Haziran 24th, 2010 at 09:14Can dostum... Yazın çok güzel. Okurken duygulandım. Bu aralar aynı karmaşık duygular değişimler bende de mevcut. Hayat değişiyor,kişiler değişiyor,mekanlar değişiyor ama inşAllah bizler değişmeyiz. Yeni bir başlangıca "merhaba" diyeceğin bu zamanlarda inşAllah herşey ama herşey gönlünce olur.

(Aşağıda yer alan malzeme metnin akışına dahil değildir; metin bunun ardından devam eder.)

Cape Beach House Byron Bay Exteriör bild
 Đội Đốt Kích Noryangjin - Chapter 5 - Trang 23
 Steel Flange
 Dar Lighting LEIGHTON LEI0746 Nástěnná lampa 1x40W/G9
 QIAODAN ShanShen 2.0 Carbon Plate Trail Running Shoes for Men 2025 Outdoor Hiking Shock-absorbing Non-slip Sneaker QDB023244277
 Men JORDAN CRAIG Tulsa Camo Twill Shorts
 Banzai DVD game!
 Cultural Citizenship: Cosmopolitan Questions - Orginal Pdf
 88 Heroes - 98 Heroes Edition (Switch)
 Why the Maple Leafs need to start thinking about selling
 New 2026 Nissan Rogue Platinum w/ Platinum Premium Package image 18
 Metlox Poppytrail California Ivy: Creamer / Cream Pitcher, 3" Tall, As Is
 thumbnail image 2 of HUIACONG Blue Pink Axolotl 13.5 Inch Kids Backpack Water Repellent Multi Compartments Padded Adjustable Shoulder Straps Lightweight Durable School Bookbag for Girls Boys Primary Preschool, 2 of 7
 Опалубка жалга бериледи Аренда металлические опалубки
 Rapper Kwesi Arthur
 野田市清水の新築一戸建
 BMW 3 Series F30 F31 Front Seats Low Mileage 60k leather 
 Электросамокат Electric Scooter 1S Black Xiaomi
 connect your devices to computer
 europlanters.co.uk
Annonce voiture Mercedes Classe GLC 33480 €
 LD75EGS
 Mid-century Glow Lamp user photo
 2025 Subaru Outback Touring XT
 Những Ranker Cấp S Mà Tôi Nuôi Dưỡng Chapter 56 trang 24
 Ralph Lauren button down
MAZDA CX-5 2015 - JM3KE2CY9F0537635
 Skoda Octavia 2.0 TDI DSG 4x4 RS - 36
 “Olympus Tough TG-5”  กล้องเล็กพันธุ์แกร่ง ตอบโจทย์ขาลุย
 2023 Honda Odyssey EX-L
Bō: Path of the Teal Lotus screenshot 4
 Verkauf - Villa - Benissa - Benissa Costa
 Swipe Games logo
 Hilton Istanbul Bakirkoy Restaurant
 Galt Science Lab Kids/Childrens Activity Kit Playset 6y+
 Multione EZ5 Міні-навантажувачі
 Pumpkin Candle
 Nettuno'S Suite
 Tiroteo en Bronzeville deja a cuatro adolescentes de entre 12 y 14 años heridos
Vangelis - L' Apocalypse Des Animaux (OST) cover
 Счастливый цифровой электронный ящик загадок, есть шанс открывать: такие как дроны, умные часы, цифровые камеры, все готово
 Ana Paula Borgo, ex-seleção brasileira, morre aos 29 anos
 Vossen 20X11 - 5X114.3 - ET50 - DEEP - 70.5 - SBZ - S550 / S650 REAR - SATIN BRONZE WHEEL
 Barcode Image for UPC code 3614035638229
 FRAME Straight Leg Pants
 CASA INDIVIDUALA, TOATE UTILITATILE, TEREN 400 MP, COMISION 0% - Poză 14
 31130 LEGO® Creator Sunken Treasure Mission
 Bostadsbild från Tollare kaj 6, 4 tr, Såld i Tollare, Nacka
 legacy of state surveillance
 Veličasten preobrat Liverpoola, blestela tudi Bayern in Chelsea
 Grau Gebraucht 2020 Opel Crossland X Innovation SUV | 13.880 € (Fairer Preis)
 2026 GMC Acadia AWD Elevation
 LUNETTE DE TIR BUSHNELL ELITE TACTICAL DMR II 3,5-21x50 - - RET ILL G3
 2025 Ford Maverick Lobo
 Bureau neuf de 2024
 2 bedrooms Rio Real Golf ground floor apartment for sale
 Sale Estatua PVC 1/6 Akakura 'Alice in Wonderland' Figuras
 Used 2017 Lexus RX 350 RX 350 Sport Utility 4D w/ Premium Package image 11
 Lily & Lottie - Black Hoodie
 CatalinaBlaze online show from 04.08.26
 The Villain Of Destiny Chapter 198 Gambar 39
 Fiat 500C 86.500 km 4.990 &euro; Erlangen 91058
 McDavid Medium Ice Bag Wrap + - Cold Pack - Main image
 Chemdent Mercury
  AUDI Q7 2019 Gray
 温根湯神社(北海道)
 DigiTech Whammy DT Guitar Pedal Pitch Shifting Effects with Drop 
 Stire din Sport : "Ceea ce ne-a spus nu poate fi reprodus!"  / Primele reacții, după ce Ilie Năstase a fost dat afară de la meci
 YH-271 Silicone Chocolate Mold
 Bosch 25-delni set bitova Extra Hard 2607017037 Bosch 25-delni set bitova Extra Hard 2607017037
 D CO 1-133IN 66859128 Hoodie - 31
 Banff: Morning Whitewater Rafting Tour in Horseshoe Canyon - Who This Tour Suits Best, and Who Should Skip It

Hep mutlu ol...
Haziran 25th, 2010 at 13:12Canım arkadaşım ne de güzel yazmışsın öyle... yıllar sonra sana nasıl ulaşacağım diye düşünürken google'a ismini yazayım dedim ve inan çok mutlu oldum. aynı pipetten kola içtiğim, mektuplarını okuyup gözyaşı döktüğüm arkadaşım şimdi hangi limanlara demir atmış... çok sevindirdin beni... Allah yolunu açık etsin. GAİHL'DEN ASLI...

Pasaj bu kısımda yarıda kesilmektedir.